There are many functions that might be chosen, I would choose a sine or cosine function. The choice between sine and cosine is usually best done on whether you want the initial value of the function to be 0 (sine) or 1 (cosine). Here, we start at the average value, so we are better off starting with sine. The amplitude of the sine function needs to be the change from the average value (positive or negative) or .35, since the sine of 0, pi, 2pi, 3pi ... is 0, we need to move the center line of the sine function up by 4.4, the average value of the magnitude. Finally, we need multiply the time value in order to adjust the time into the appropriate radian measure for the 5.4 day period.
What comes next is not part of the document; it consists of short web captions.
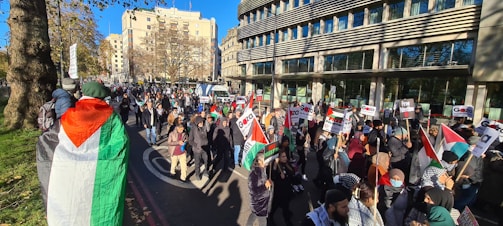 A large group of people are gathered for a protest, holding Palestinian flags and signs with messages related to Gaza and Palestine. The crowd is moving along a city street lined with buildings, and it appears to be a sunny day.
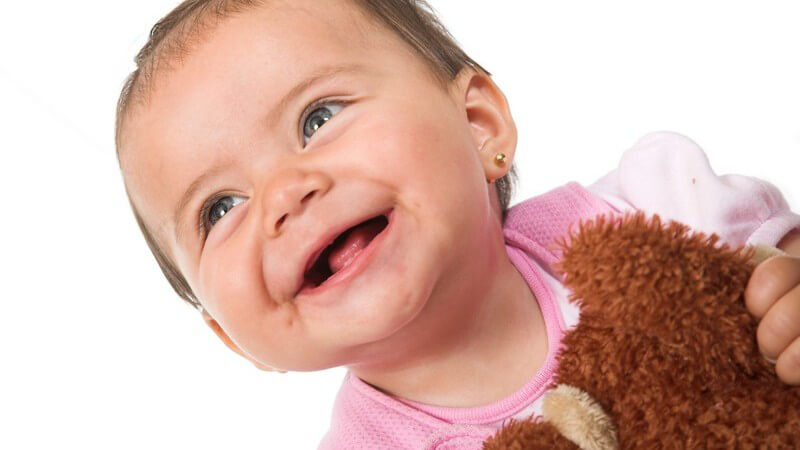 Baby Mädchen mit Teddybär lächelt, schaut nach oben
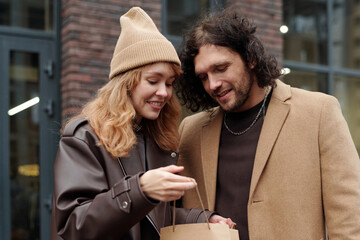 Pretty woman in stylish casualwear opening paperbag with purchase and boasting to her boyfriend in urban environment after shopping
So we want
0 days -> 0 radians
1.35 days -> pi/2 radians
2.7 days -> pi radians
4.05 days -> 3pi/2 radians
5.4 days -> 2pi radians
So we need to divide each time value by half the period (2.7) and multiply it by pi or pi/2.7.
Thus, the best sinusoidal equation is
M = .35 sin (t • pi/2.7) + 4.4
This assumes that a magnitude of 4.75 is brighter than 4.4, which would be brighter than 4.05. If magnitude works the other way, then all you need to do is change the sign or the equation, i.e.
M = -.35 sin (t • pi/2.7) + 4.4